#### INSTRUCTIONS FOR THE TASK
What you return should be the line containing "Vibrant illustration of" and each line after it to the end of the records, copied exactly.

#### PROVIDED RECORDS
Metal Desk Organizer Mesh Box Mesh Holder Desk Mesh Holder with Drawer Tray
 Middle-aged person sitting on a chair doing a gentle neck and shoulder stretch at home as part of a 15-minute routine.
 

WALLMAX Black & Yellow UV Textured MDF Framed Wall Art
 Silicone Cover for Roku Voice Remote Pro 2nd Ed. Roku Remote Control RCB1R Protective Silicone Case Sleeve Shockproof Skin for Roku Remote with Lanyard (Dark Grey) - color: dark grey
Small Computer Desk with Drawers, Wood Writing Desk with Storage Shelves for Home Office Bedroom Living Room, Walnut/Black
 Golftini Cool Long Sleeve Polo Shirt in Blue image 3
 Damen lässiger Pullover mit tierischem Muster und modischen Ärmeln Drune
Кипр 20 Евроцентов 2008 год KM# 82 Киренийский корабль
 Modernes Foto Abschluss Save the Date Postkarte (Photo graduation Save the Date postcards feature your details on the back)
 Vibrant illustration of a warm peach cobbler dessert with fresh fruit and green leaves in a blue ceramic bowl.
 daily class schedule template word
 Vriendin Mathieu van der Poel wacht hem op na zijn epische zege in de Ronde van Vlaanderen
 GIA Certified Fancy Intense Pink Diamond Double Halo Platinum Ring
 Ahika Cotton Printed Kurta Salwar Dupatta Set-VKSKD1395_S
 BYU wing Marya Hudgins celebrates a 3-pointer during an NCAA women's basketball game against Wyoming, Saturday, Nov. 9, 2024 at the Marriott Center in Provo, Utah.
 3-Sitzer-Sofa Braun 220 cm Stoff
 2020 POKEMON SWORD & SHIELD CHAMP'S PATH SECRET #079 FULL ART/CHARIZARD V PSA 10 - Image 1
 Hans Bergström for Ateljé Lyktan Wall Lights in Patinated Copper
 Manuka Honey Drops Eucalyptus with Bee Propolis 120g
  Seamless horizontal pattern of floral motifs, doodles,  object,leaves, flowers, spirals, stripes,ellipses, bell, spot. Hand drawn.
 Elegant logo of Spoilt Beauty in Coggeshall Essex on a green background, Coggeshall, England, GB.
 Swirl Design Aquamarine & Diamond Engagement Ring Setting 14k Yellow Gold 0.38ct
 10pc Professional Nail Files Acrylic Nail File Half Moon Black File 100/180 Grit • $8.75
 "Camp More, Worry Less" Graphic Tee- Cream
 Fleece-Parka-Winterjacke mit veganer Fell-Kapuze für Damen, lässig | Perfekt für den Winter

#### TASK RESULT
 Vibrant illustration of a warm peach cobbler dessert with fresh fruit and green leaves in a blue ceramic bowl.
 daily class schedule template word
 Vriendin Mathieu van der Poel wacht hem op na zijn epische zege in de Ronde van Vlaanderen
 GIA Certified Fancy Intense Pink Diamond Double Halo Platinum Ring
 Ahika Cotton Printed Kurta Salwar Dupatta Set-VKSKD1395_S
 BYU wing Marya Hudgins celebrates a 3-pointer during an NCAA women's basketball game against Wyoming, Saturday, Nov. 9, 2024 at the Marriott Center in Provo, Utah.
 3-Sitzer-Sofa Braun 220 cm Stoff
 2020 POKEMON SWORD & SHIELD CHAMP'S PATH SECRET #079 FULL ART/CHARIZARD V PSA 10 - Image 1
 Hans Bergström for Ateljé Lyktan Wall Lights in Patinated Copper
 Manuka Honey Drops Eucalyptus with Bee Propolis 120g
  Seamless horizontal pattern of floral motifs, doodles,  object,leaves, flowers, spirals, stripes,ellipses, bell, spot. Hand drawn.
 Elegant logo of Spoilt Beauty in Coggeshall Essex on a green background, Coggeshall, England, GB.
 Swirl Design Aquamarine & Diamond Engagement Ring Setting 14k Yellow Gold 0.38ct
 10pc Professional Nail Files Acrylic Nail File Half Moon Black File 100/180 Grit • $8.75
 "Camp More, Worry Less" Graphic Tee- Cream
 Fleece-Parka-Winterjacke mit veganer Fell-Kapuze für Damen, lässig | Perfekt für den Winter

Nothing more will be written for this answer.